Given a matrix of m x n elements (m rows, n columns), return all elements of the matrix in spiral order.

For example,
Given the following matrix:

[
 [ 1, 2, 3 ],
 [ 4, 5, 6 ],
 [ 7, 8, 9 ]
]
You should return [1,2,3,6,9,8,7,4,5].

难度：87，这道题跟 Rotate Image 很相似，都是需要把矩阵分割成层来处理，每一层都是按：1. 正上方；2. 正右方；3. 正下方；4. 正左方这种顺序添加元素到结果集合。实现中要注意两个细节，一个是因为题目中没有说明矩阵是不是方阵，因此要先判断一下行数和列数来确定螺旋的层数，mina(行， 列) /2才是螺旋数。二是有可能存在这种情况比如：3*4矩阵，螺旋只有一层，但中间还有一行元素没有没加入。
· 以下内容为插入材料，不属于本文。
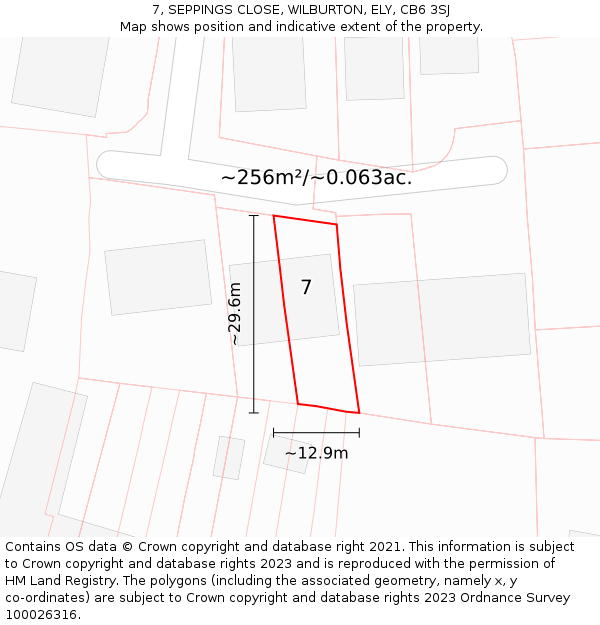 7, SEPPINGS CLOSE, WILBURTON, ELY, CB6 3SJ: Plot and title map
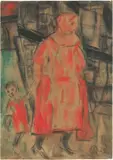 Mutter und Kind by Christian Rohlfs, 1923, Wassertempera und Tuschfeder auf Papier, sold Dec 2022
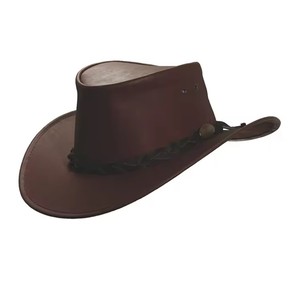 Chapeau de cowboy unisexe en cuir marron Jimieson Apparel JA-CBH-00027, à large bord, réglable, style européen et américain, pour usage extérieur, printemps - Product Image 4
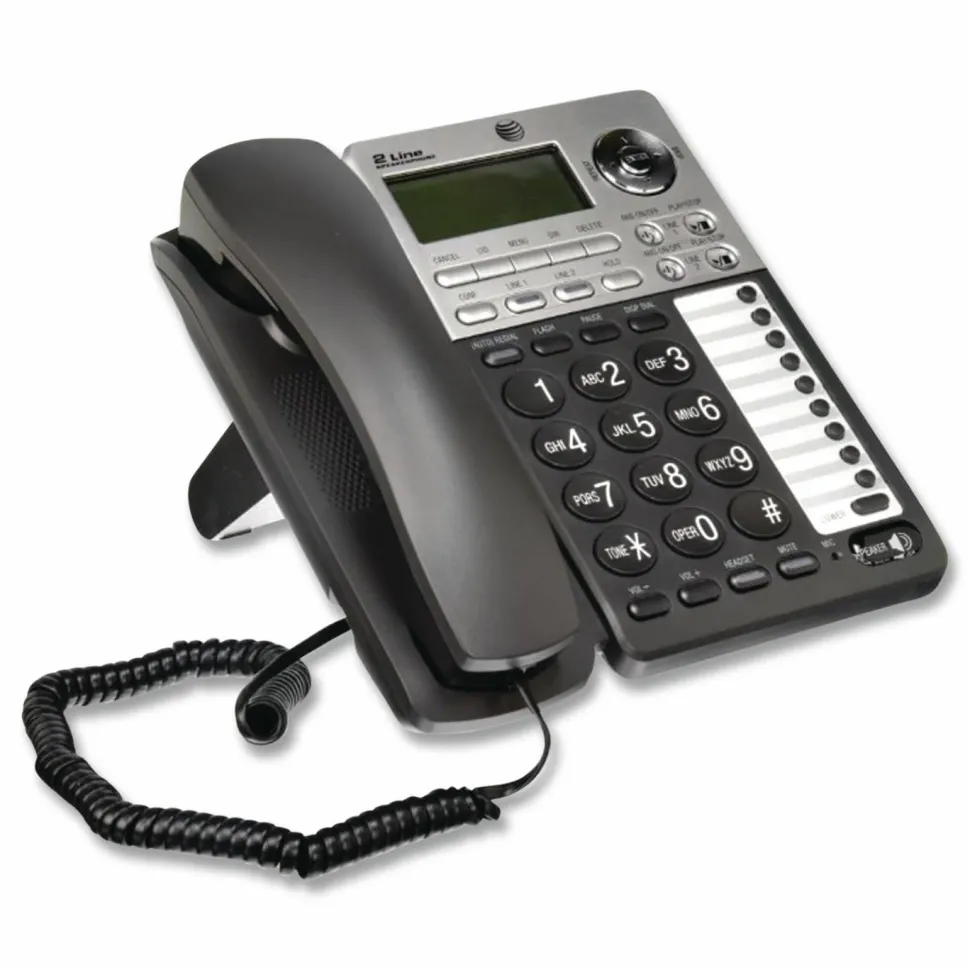 AT&T ML17939 2-Line Corded Phone with Speakerphone & Digital Answering System, Black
所以最后要将剩余的走完。

Best solution:

public class Solution {
    public List<Integer> spiralOrder(int[][] matrix) {
        
        List<Integer> res = new ArrayList<Integer>();
        
        if (matrix.length == 0) {
            return res;
        }
        
        int rowBegin = 0;
        int rowEnd = matrix.length-1;
        int colBegin = 0;
        int colEnd = matrix[0].length - 1;
        
        while (rowBegin <= rowEnd && colBegin <= colEnd) {
            // Traverse Right
            for (int j = colBegin; j <= colEnd; j ++) {
                res.add(matrix[rowBegin][j]);
            }
            rowBegin++;
            
            // Traverse Down
            for (int j = rowBegin; j <= rowEnd; j ++) {
                res.add(matrix[j][colEnd]);
            }
            colEnd--;
            
            if (rowBegin <= rowEnd) {
                // Traverse Left
                for (int j = colEnd; j >= colBegin; j --) {
                    res.add(matrix[rowEnd][j]);
                }
            }
            rowEnd--;
            
            if (colBegin <= colEnd) {
                // Traver Up
                for (int j = rowEnd; j >= rowBegin; j --) {
                    res.add(matrix[j][colBegin]);
                }
            }
            colBegin ++;
        }
        
        return res;
    }
}

My previous solution, it's a bit tricky to handle

public class Solution {
    public List<Integer> spiralOrder(int[][] matrix) {
        ArrayList<Integer> res = new ArrayList<Integer>();
        if (matrix==null || matrix.length==0 || matrix[0].length==0) return res;
        int Min = Math.min(matrix.length, matrix[0].length);
        int levelMax = Min / 2;
        for (int level=0; level<levelMax; level++) {
            for (int i=level; i<matrix[0].length-1-level; i++) {
                res.add(matrix[level][i]);
            }
            for (int i=level; i<matrix.length-1-level; i++) {
                res.add(matrix[i][matrix[0].length-1-level]);
            }
            for (int i=matrix[0].length-1-level; i>level; i--) {
                res.add(matrix[matrix.length-1-level][i]);
            }
            for (int i=matrix.length-1-level; i>level; i--) {
                res.add(matrix[i][level]);
            }
        }
        if (Min % 2 == 1) {
            if (matrix.length < matrix[0].length) {
                for (int i=levelMax; i<matrix[0].length-levelMax; i++) {
                    res.add(matrix[levelMax][i]);
                }
            }
            else {
                for (int i=levelMax; i<matrix.length-levelMax; i++) {
                    res.add(matrix[i][levelMax]);
                }
            }
        }
        return res;
    }
}